Two-Lane Blacktop is out now on Blu-Ray as part of Eureka’s Masters of Cinema series. As ever with the films in this series the picture and sound has been meticulously restored, looking and sounding as good as new, but retaining the analogue quality you get from shooting on celluloid. The colours especially are naturally rich without looking ‘boosted’. Soundtrack-wise you have an option between the original mono track or a remastered 5.1 mix too, which is a bonus for audiophiles.

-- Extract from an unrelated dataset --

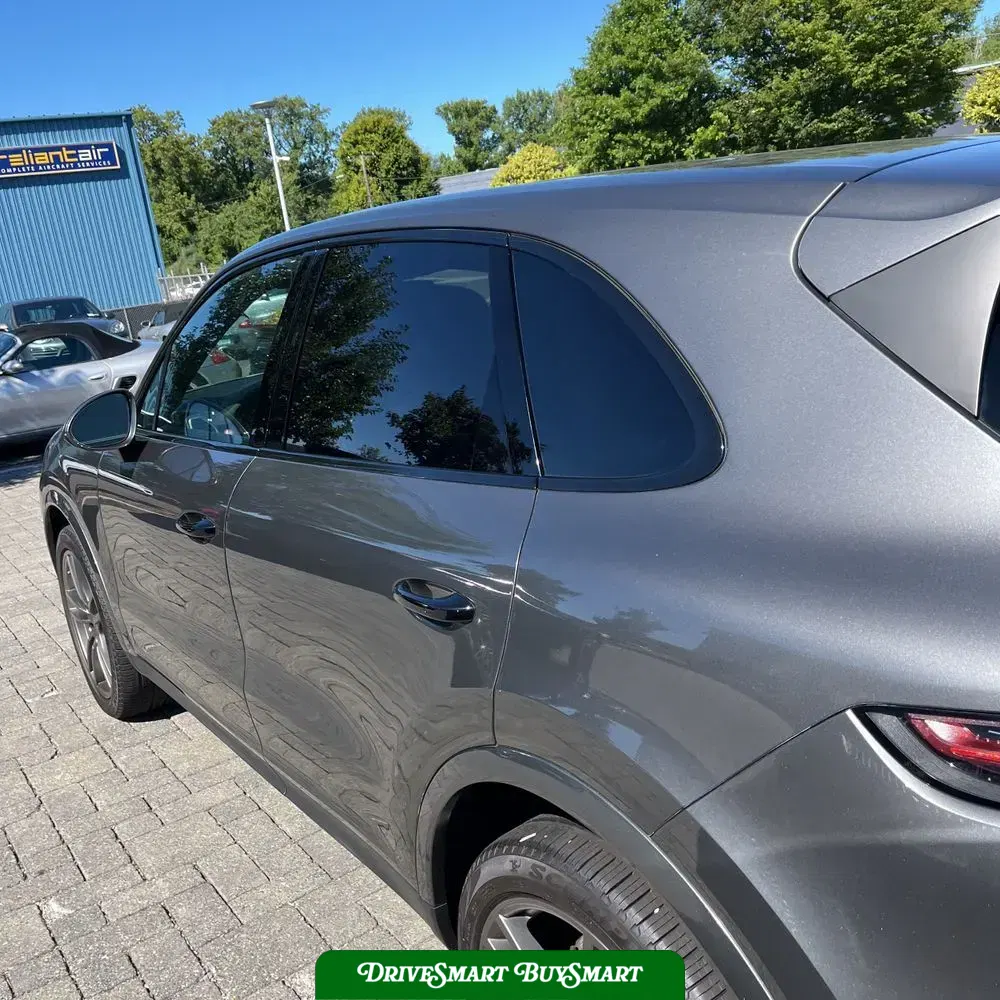 2022 Porsche Cayenne Base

The Blu-Ray is packed to the gills with features too. Top of the heap is a 43 minute documentary, On The Road Again in which Hellman, some of his students and his daughter go on a road trip to the film’s original locations whilst he waxes lyrical about his memories and thoughts on the film today. It’s a fresh approach that works, despite a rather rough and ready presentation, and is aided by Hellman’s friendly and talkative manner. Equally as interesting, if a little meandering, is a commentary featuring Hellman and associate producer Gary Kurtz. A roundtable discussion of the film with producer Michael Laughlin, production manager Walter Coblenz and the director’s son Jared Hellman, helmed by the man himself is full of anecdotes too. Less interesting is an odd choice of interview with Hellman questioning Kris Kristofferson, who had very little input into the film other than allowing one of his songs to be used on the soundtrack. You can also see screen-test footage of James Taylor and Laurie Bird which is a nice addition but not something I was desperate to sit through in its entirety.
On top of all this Eureka throw in another fascinating 30-odd page booklet full of essays and interviews surrounding the film. This all adds together to make an amazing package that is well worth parting with your hard earned for.